What to produce -> Look below for the line that contains "robot-chicken-dc-comics", then copy it and each following line to the end of the records, minus any pictures.

Records to process ->
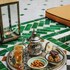 marrakech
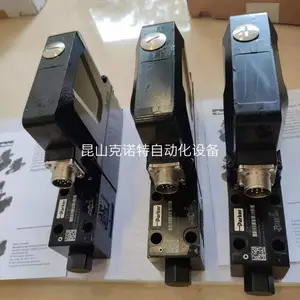 D1FPE50MB9NB00�ɿ�ԭװ�ŷ�������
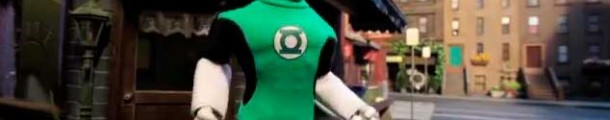 robot-chicken-dc-comics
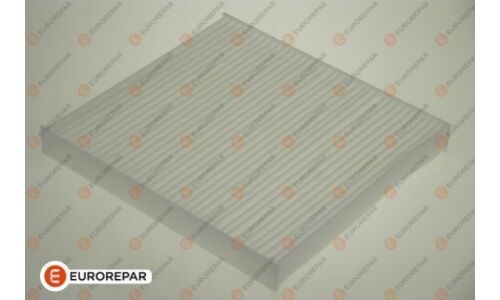 Фильтр салонный Eurorepar AC-201E, арт. 1609998680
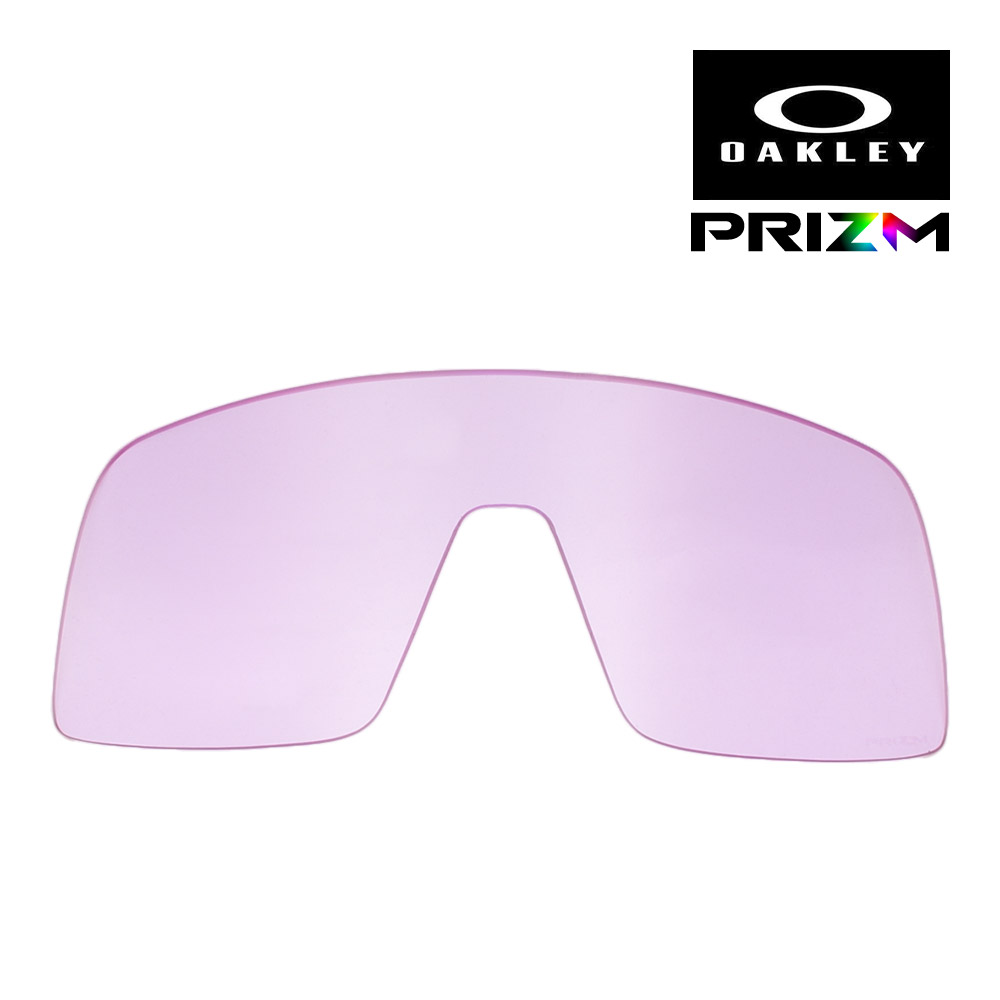 楽天市場】prizm low lightの通販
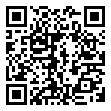 Scannable QR Code Link for 1317 W Fayette Street, Unit 3B property details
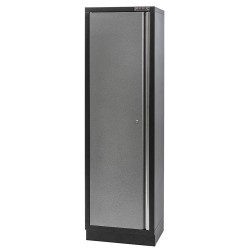 Werkbank met laden kopen. Webshop Powerplustools.nl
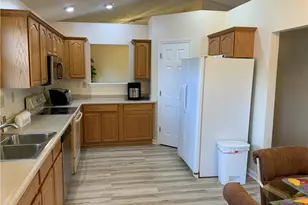 807 Plover Ln, Englewood, OH 45315 - Photo 9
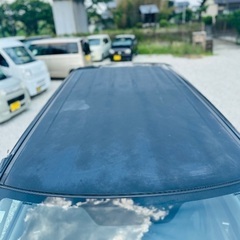 💫😊 スズキ ワゴンR。2009年式、走行距離125000キロ。車検2027年1月。価格はコミコミです。💫😊の画像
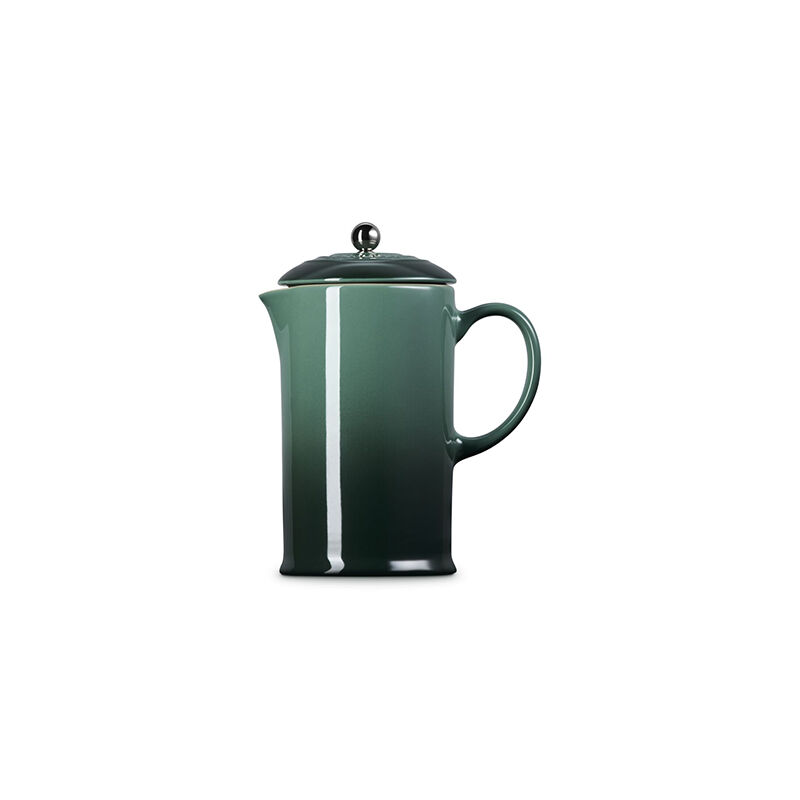 French Press | Le Creuset®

Output for this task ->
 robot-chicken-dc-comics
 Фильтр салонный Eurorepar AC-201E, арт. 1609998680
 楽天市場】prizm low lightの通販
 Scannable QR Code Link for 1317 W Fayette Street, Unit 3B property details
 Werkbank met laden kopen. Webshop Powerplustools.nl
 807 Plover Ln, Englewood, OH 45315 - Photo 9
 💫😊 スズキ ワゴンR。2009年式、走行距離125000キロ。車検2027年1月。価格はコミコミです。💫😊の画像
 French Press | Le Creuset®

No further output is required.